● **WHAT YOU SHOULD DO**:
Leave out the pictures, and quote exactly the lines running from the one with "Jack & Jones" through the last line of the entries below.

● **DATA EXCERPTS**:
══════════════════════════════

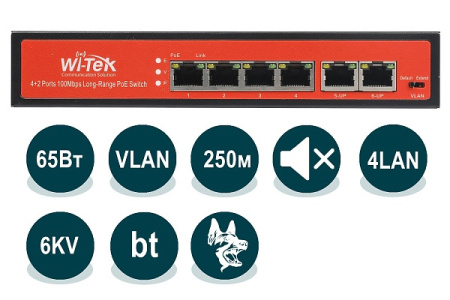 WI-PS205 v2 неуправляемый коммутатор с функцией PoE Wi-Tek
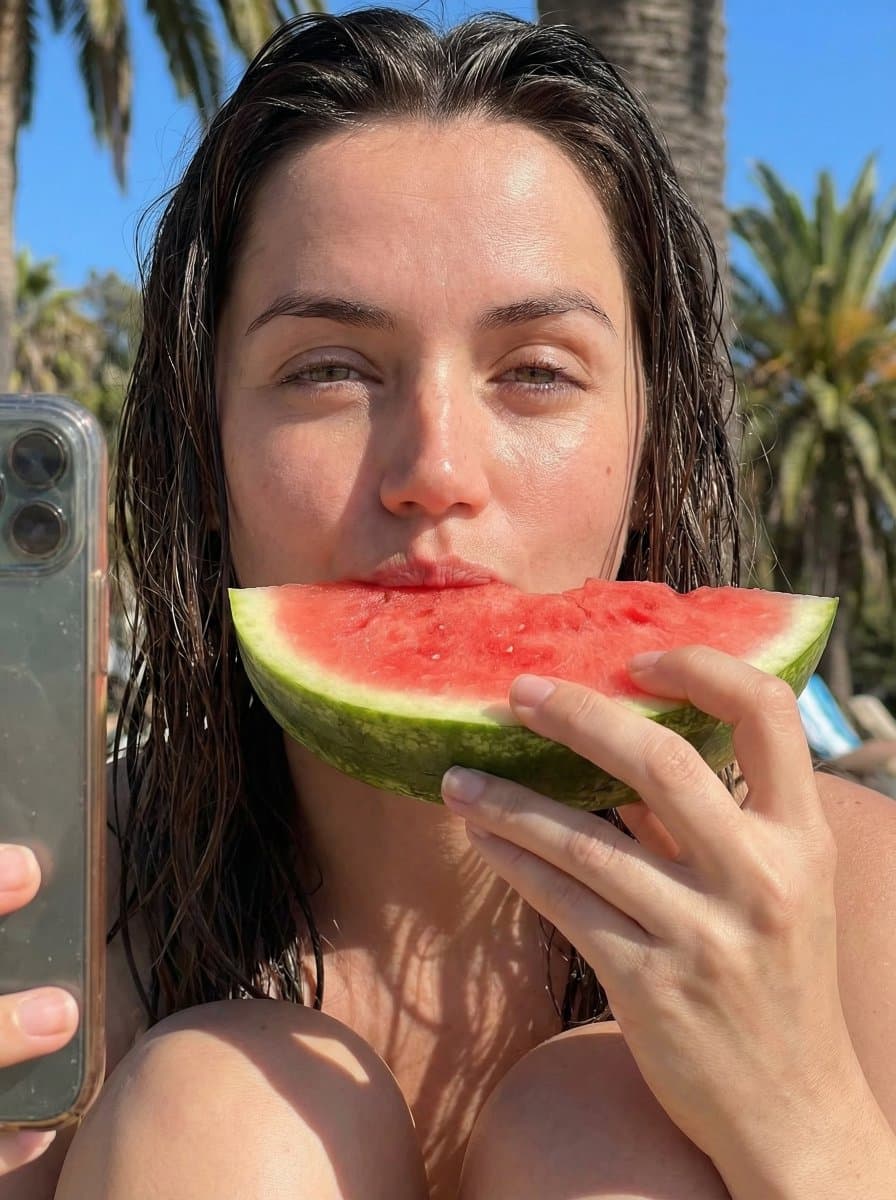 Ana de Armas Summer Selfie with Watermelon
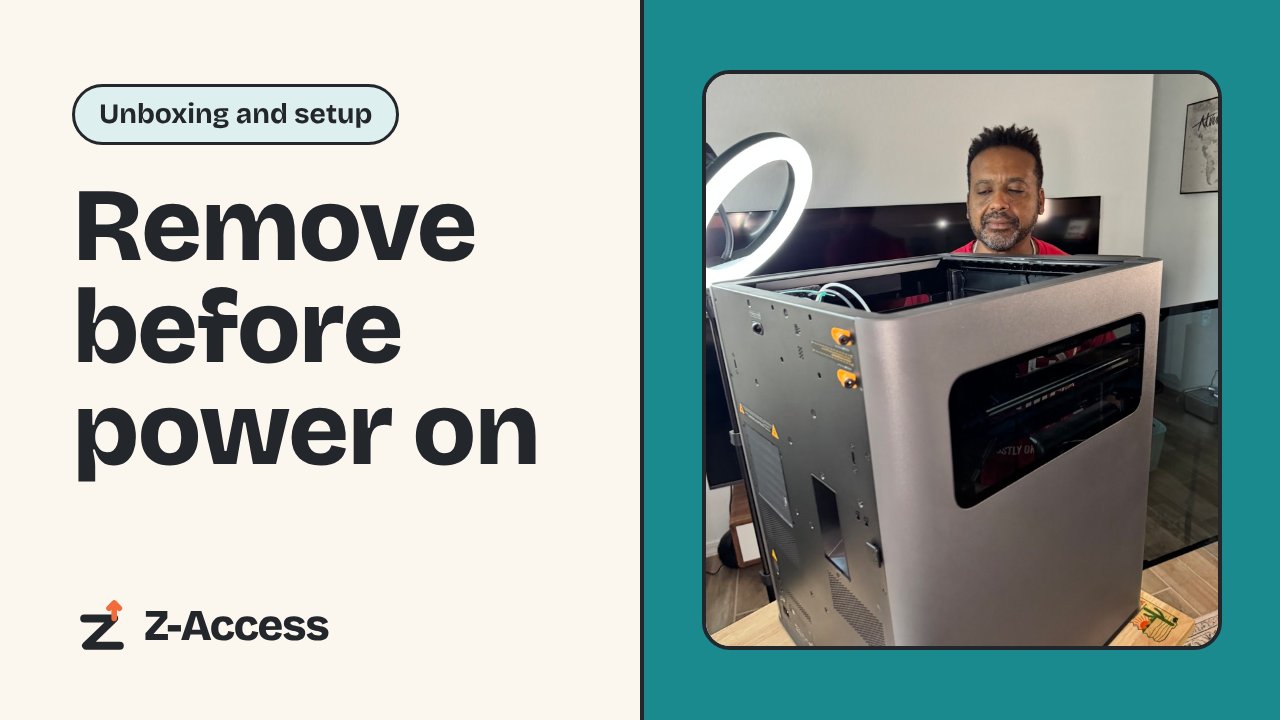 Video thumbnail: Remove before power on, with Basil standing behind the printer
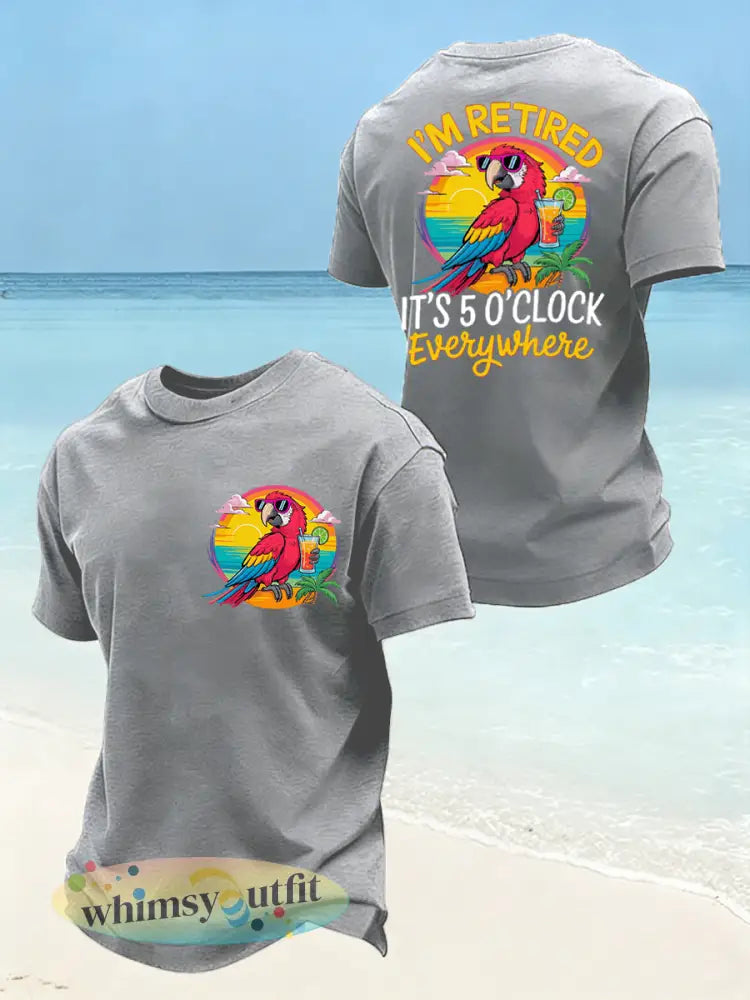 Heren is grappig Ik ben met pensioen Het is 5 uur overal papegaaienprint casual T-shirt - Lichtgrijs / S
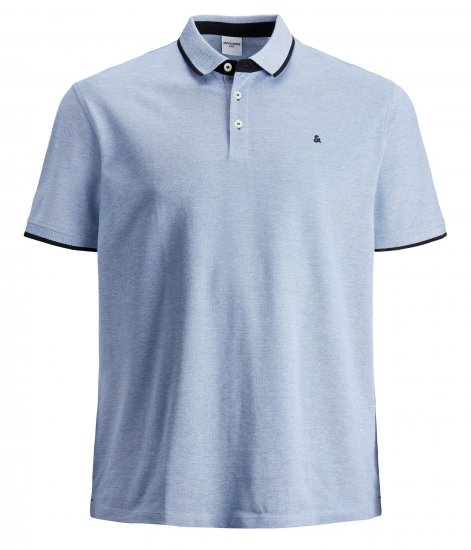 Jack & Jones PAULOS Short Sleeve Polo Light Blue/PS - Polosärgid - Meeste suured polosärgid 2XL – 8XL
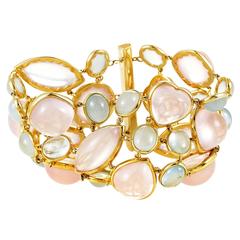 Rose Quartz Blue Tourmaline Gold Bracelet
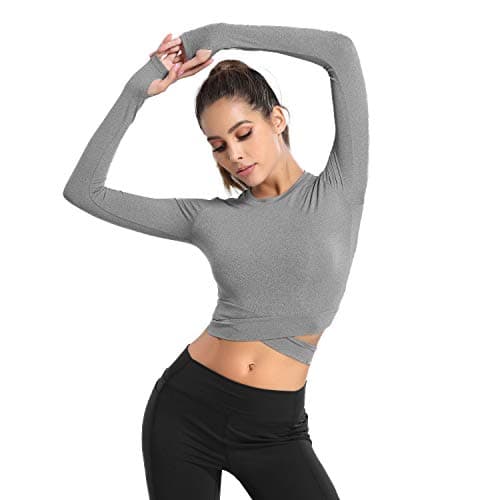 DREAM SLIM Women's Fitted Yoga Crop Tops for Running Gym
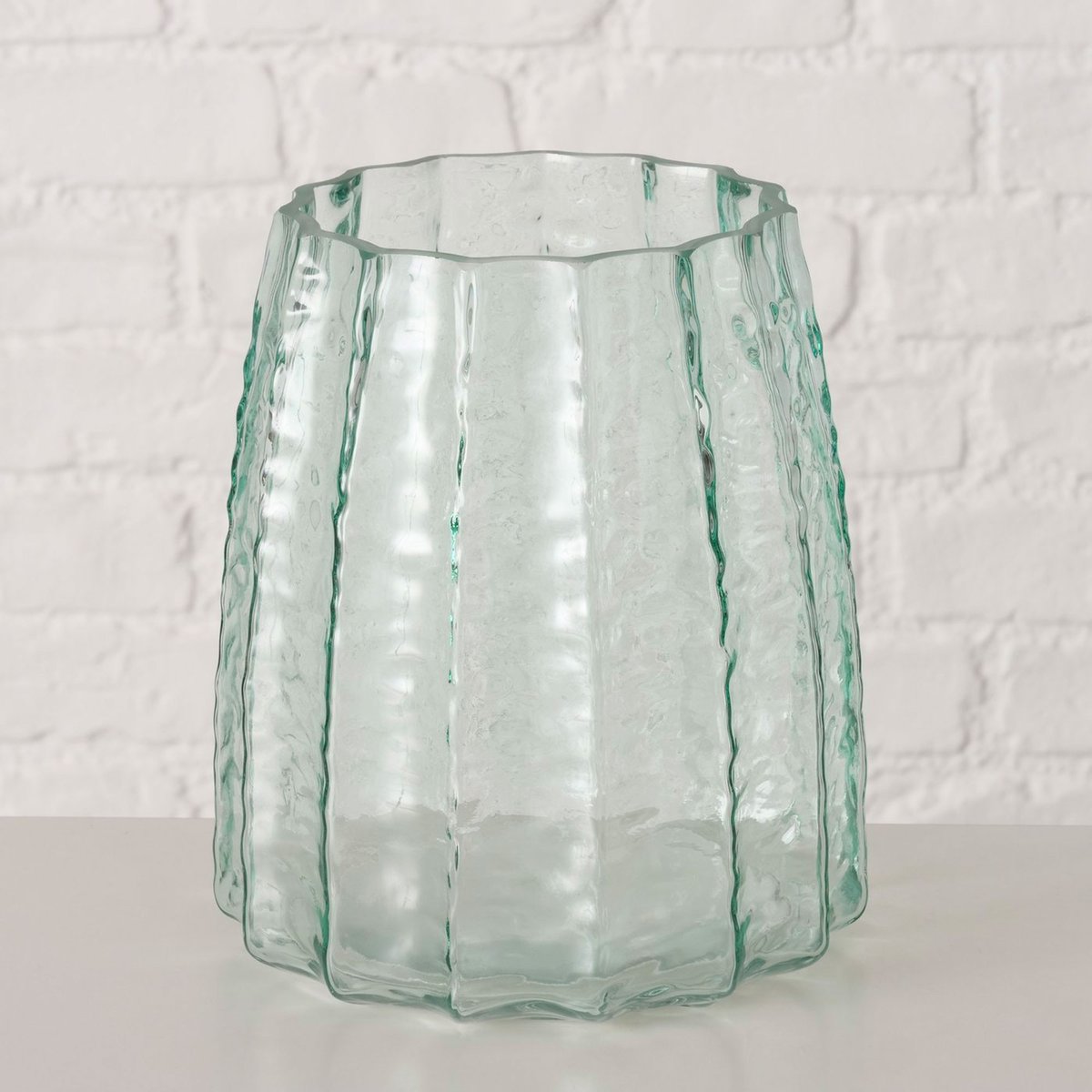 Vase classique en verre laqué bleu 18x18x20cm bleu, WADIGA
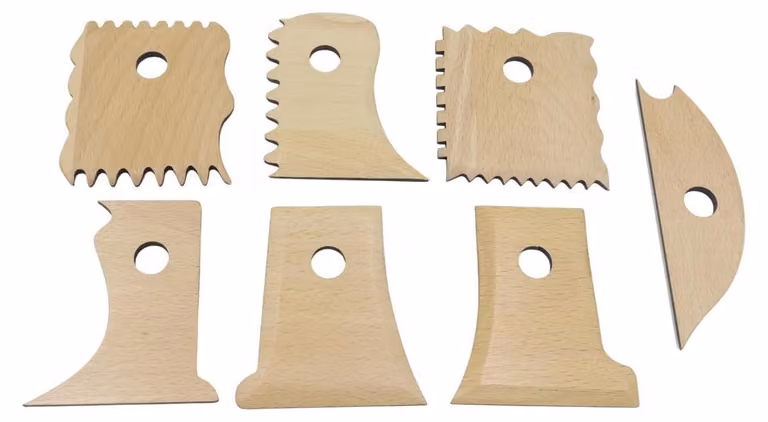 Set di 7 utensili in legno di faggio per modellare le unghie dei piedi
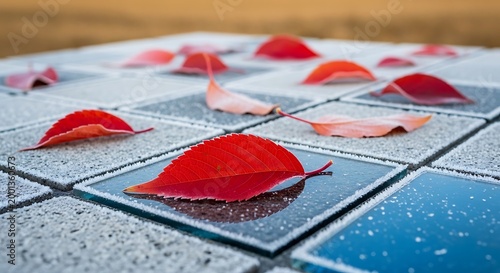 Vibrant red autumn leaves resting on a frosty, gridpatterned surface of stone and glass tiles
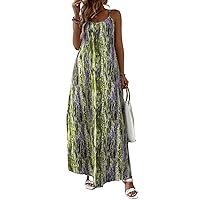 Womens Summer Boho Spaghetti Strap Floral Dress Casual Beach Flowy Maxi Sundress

══════════════════════════════

● **OUTPUT FOR THIS EXERCISE**:
 Jack & Jones PAULOS Short Sleeve Polo Light Blue/PS - Polosärgid - Meeste suured polosärgid 2XL – 8XL
 Rose Quartz Blue Tourmaline Gold Bracelet
 DREAM SLIM Women's Fitted Yoga Crop Tops for Running Gym
 Vase classique en verre laqué bleu 18x18x20cm bleu, WADIGA
 Set di 7 utensili in legno di faggio per modellare le unghie dei piedi
 Vibrant red autumn leaves resting on a frosty, gridpatterned surface of stone and glass tiles
 Womens Summer Boho Spaghetti Strap Floral Dress Casual Beach Flowy Maxi Sundress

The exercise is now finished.